▶ EXERCISE INPUTS
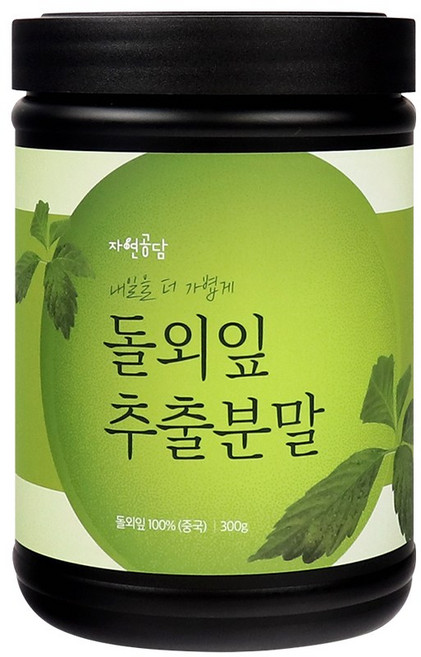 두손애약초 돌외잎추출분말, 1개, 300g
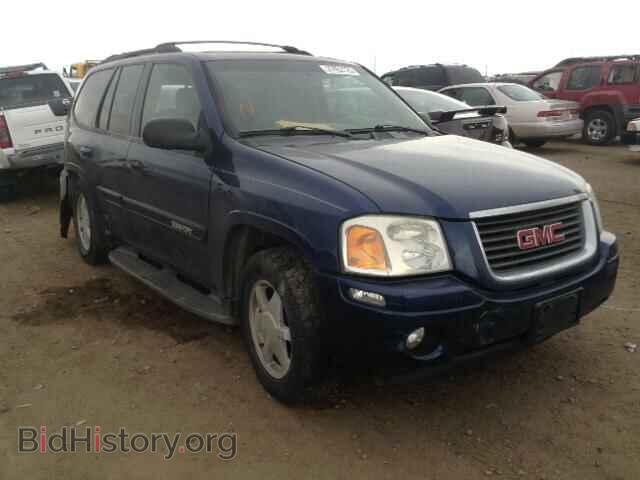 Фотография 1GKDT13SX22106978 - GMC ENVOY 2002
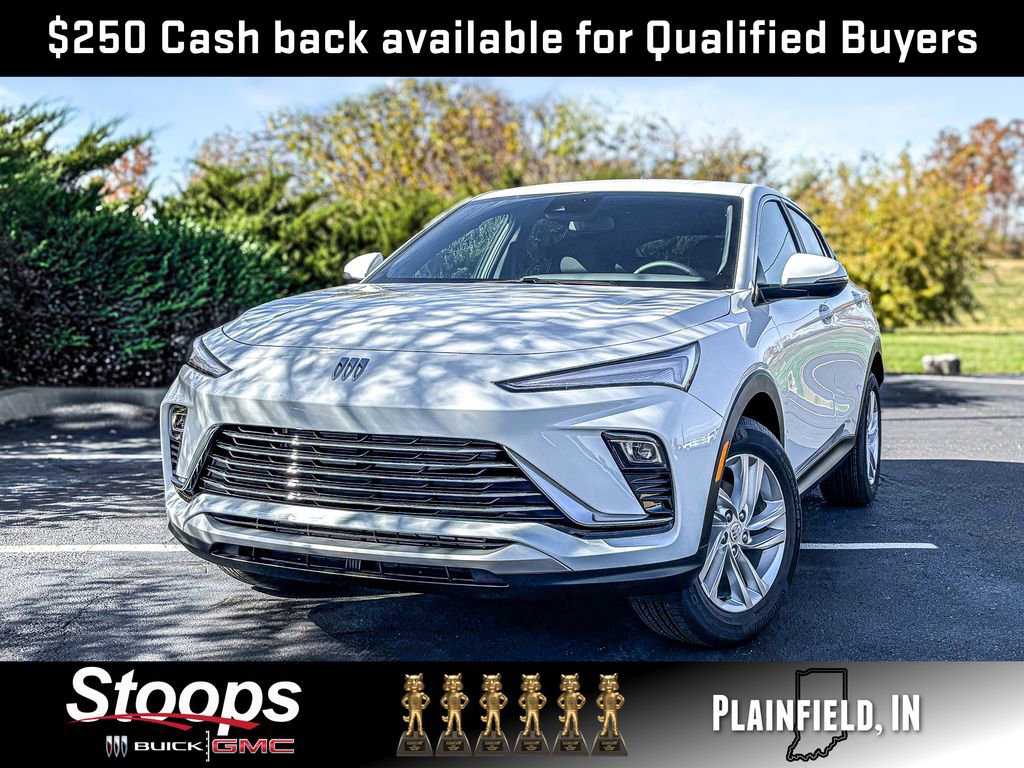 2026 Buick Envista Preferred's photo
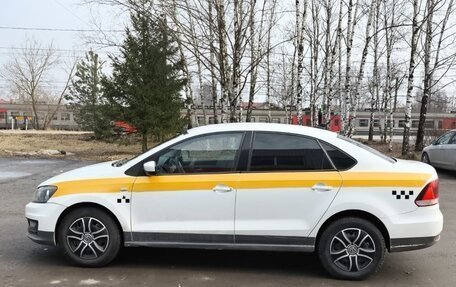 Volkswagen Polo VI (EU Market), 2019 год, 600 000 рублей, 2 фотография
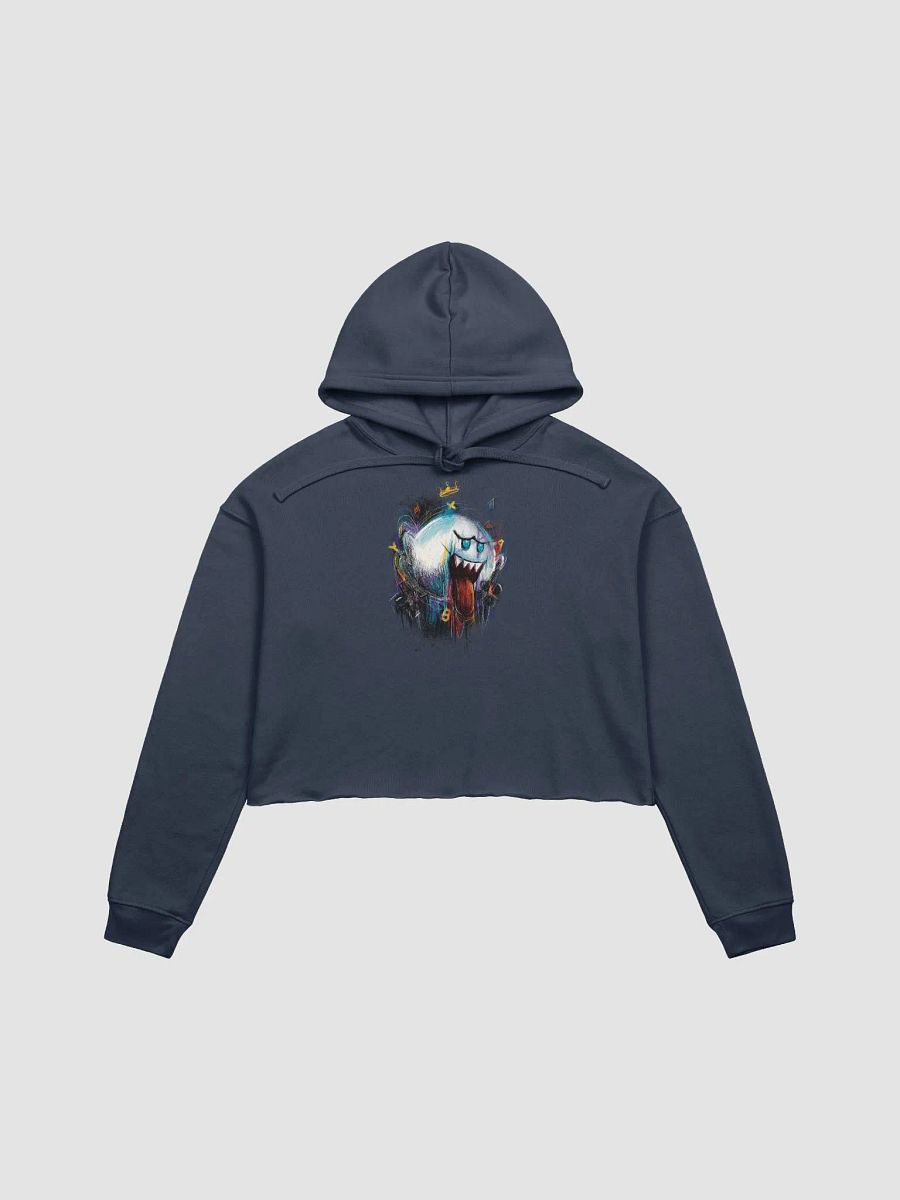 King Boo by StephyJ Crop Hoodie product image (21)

▶ WHAT YOU NEED TO DO
Go to the line that contains "Volkswagen Polo VI" and copy it and every line after it through the end of the entries, exactly, without the pictures.

▶ ANSWER SECTION
 Volkswagen Polo VI (EU Market), 2019 год, 600 000 рублей, 2 фотография
 King Boo by StephyJ Crop Hoodie product image (21)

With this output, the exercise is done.